An estimated 100,000 Americans have sickle cell disease, and the disease occurs in about 1 out of every 365 Black or African-American births, according to the Centers for Disease Control and Prevention. People with sickle cell disease are at high risk for vascular complications that can lead to pulmonary hypertension, stroke, and kidney failure as well as severe pain when red blood cells block blood flow through tiny blood vessels in the chest, abdomen, and joints. These complications can be worsened by hypertension.

Unfortunately, previous research found that sildenafil, an effective treatment for pulmonary hypertension, caused unacceptable side effects in patients with sickle cell disease. It found that those who took this drug experienced high levels of pain that caused increased admissions to the hospital compared to those who took a placebo treatment.

This new study was designed to test the safety of riociguat and how well it works in preventing or reducing the clinical complications for patients with sickle cell disease.

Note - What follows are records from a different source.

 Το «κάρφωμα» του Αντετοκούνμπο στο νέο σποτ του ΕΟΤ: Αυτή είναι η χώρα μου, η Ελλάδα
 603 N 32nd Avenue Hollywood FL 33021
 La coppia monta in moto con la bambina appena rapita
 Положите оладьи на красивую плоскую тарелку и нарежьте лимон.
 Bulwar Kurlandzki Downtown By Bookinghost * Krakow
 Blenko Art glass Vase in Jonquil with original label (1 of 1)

In the study, patients with sickle cell disease and mild hypertension or protein in their urine (an early sign of kidney disease) were randomly assigned to receive either riociguat or a placebo in a double-blind clinical trial. Both groups received the study drug at a starting dose of 1 milligram, which was gradually increased up to 2.5 milligram, taken three times a day for 12 weeks. The researchers found that among the participants who took riociguat, 22.7 percent experienced at least one serious adverse event related to the treatment. In comparison, in the group that received the placebo, 31.3 percent of participants had at least one serious adverse event during the study.

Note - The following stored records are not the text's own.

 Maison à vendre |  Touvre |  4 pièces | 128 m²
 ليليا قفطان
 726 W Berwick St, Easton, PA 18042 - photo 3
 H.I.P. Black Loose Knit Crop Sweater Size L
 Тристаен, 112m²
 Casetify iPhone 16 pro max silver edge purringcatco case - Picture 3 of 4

The differences were not statistically significant. There were no differences between the two groups in the rates of pain severity, pain interference in their daily lives, and in vascular events related to their sickle cell disease. When it comes to the effectiveness of the drug treatment, participants who took riociguat had their blood pressure drop by 8.20 mmHg, while those who took a placebo only saw a decrease of about 1.24 mmHg. The result was highly statistically significant, meaning riociguat was much more effective at lowering blood pressure compared to the placebo, with a difference of approximately 6.96 mmHg. In summary, riociguat was found to be safe and led to a significant improvement of blood pressure over the duration of the study.

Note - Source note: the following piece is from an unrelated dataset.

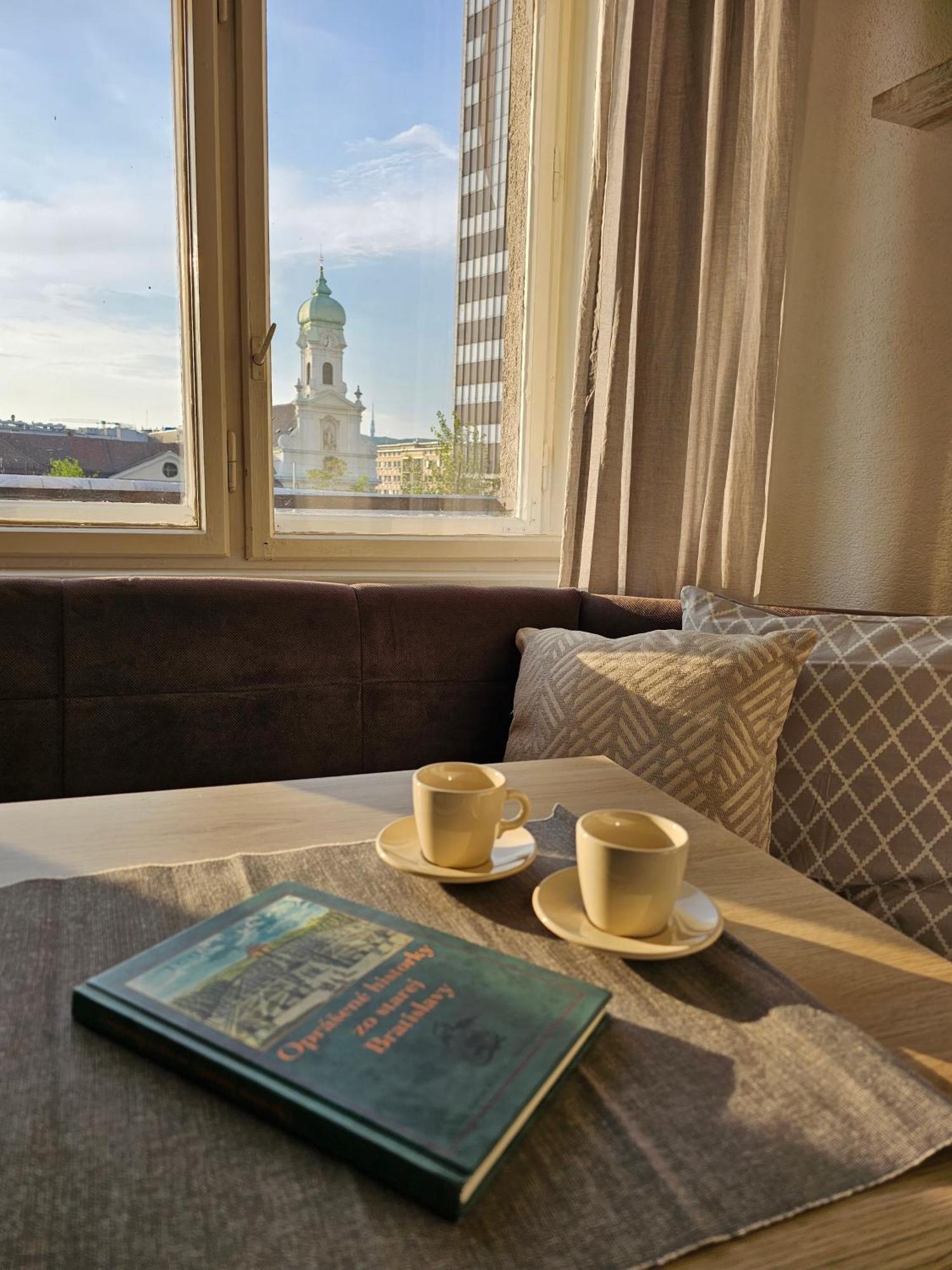 Stone Square Apartment Bratislava Eksteriør bilde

“Our results are encouraging and open the door to larger clinical trials involving this class of drugs in patients with sickle cell disease who have pulmonary hypertension or kidney disease. Having a drug that’s easy to tolerate can help them better manage their blood pressure and help prevent serious complications down the road,” said study leader Mark T. Gladwin, MD, who is the John Z. and Akiko K. Bowers Distinguished Professor and Dean of UMSOM, and Vice President for Medical Affairs at University of Maryland, Baltimore.

Bayer Pharmaceuticals, manufacturer of riociguat, provided funding (as well as the drug and placebo) for the study.

The study was led by the clinical and data coordinating centers at the University of Pittsburgh. Study co-authors included faculty from the University of Illinois at Chicago, Albert Einstein College of Medicine, University of Pittsburgh, Emory University, Duke University, Johns Hopkins School of Medicine, and other institutions.